_Extracted information_
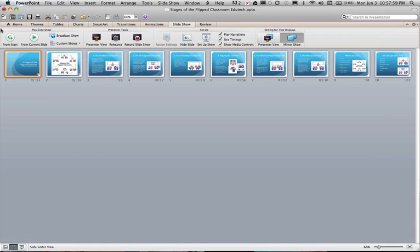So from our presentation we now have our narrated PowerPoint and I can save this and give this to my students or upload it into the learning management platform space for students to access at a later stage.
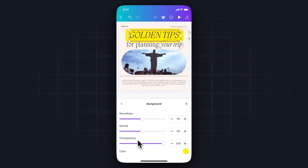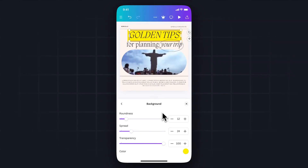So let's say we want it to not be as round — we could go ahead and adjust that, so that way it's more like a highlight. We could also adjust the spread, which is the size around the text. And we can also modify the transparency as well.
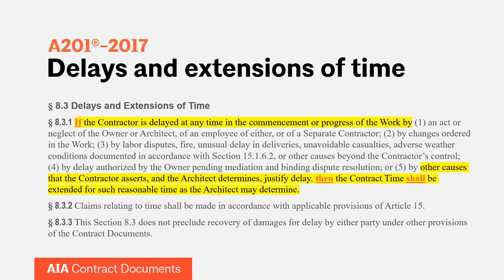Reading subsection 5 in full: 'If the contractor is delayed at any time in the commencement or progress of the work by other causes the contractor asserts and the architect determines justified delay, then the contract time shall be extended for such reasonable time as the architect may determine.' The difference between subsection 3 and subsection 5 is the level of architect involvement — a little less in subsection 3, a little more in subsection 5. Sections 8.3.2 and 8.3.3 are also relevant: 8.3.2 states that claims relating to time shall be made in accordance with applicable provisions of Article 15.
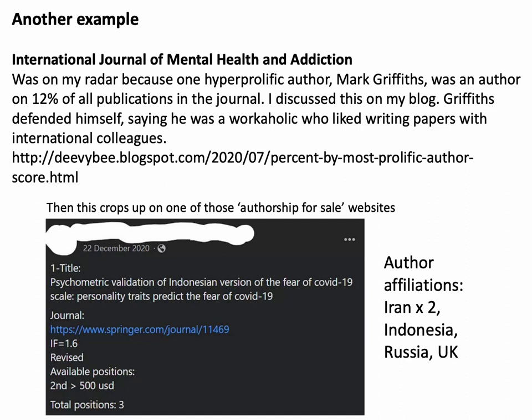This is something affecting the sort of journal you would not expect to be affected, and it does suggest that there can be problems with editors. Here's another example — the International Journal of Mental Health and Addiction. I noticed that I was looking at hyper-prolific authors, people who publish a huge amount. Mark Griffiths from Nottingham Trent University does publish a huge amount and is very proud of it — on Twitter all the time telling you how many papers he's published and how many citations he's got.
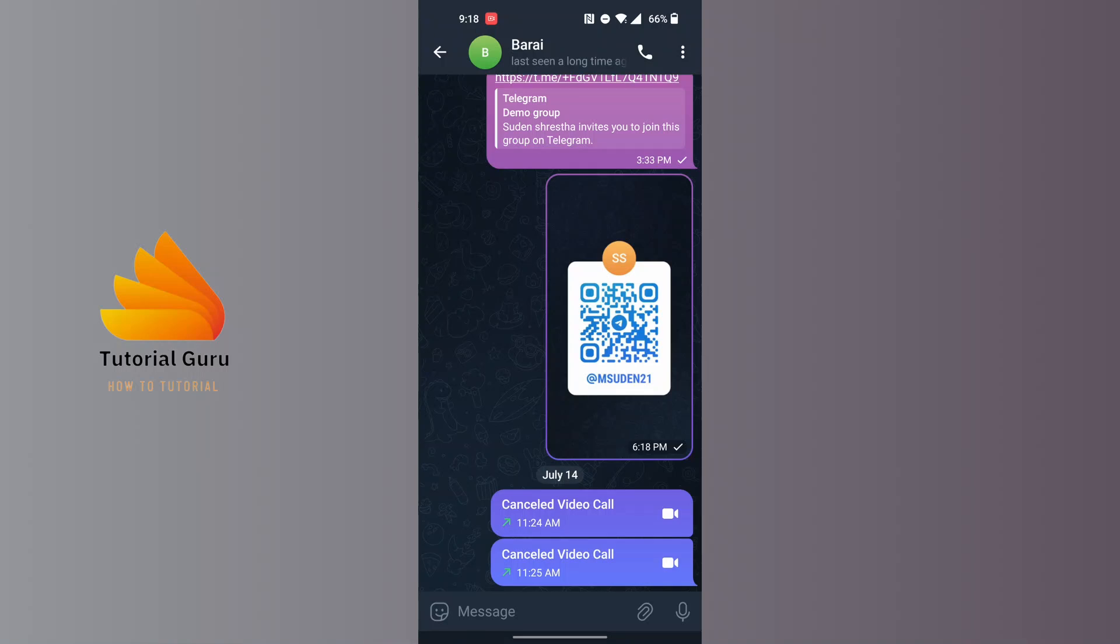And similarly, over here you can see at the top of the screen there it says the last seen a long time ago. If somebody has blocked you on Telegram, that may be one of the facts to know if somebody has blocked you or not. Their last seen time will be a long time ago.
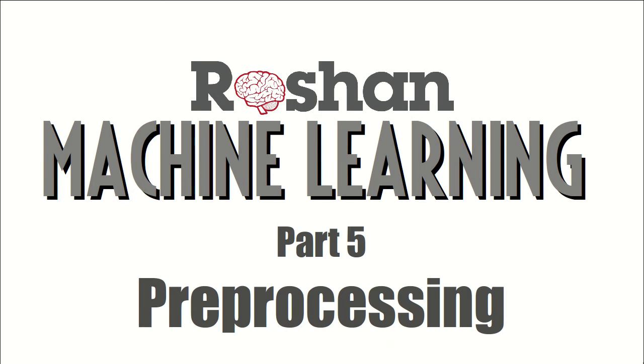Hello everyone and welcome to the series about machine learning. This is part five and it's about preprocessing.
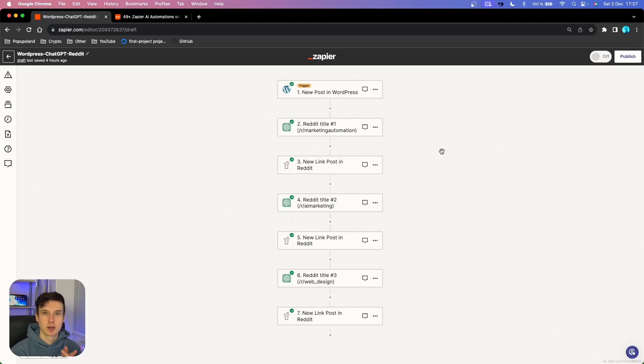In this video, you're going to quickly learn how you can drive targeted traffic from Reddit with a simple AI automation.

* * *

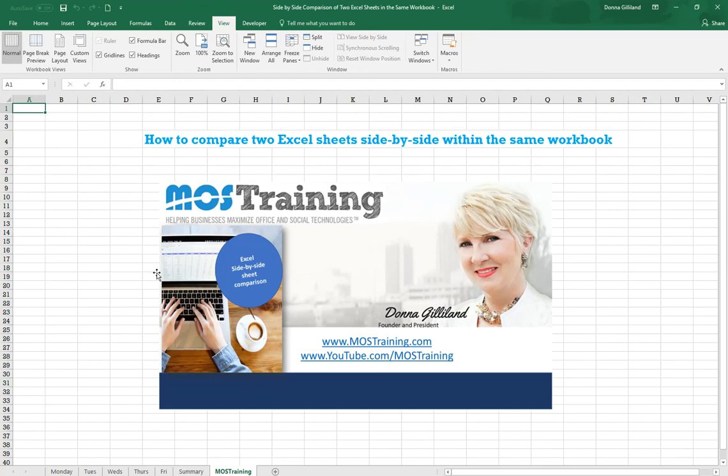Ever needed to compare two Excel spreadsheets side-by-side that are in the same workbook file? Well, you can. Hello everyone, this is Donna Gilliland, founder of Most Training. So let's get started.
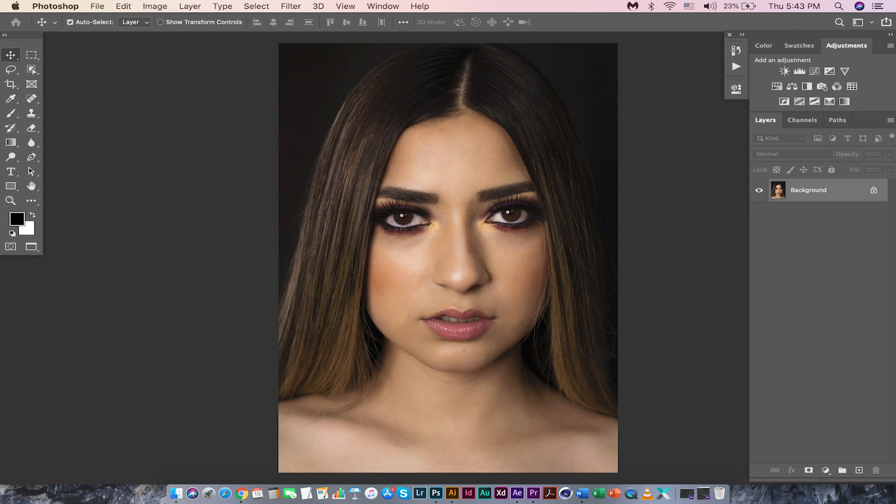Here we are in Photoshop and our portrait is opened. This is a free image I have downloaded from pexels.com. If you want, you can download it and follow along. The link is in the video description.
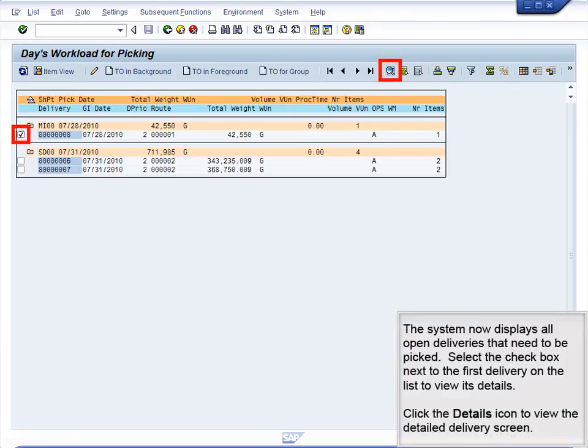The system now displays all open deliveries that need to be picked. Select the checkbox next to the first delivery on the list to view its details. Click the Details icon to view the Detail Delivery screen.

_Try it_
The line holding "Here we are" starts the copy and the line holding "The system now" ends it. Repeat those two lines above and all between them exactly, leaving out pictures.

_Task result_
Here we are in Photoshop and our portrait is opened. This is a free image I have downloaded from pexels.com. If you want, you can download it and follow along. The link is in the video description.
The system now displays all open deliveries that need to be picked. Select the checkbox next to the first delivery on the list to view its details. Click the Details icon to view the Detail Delivery screen.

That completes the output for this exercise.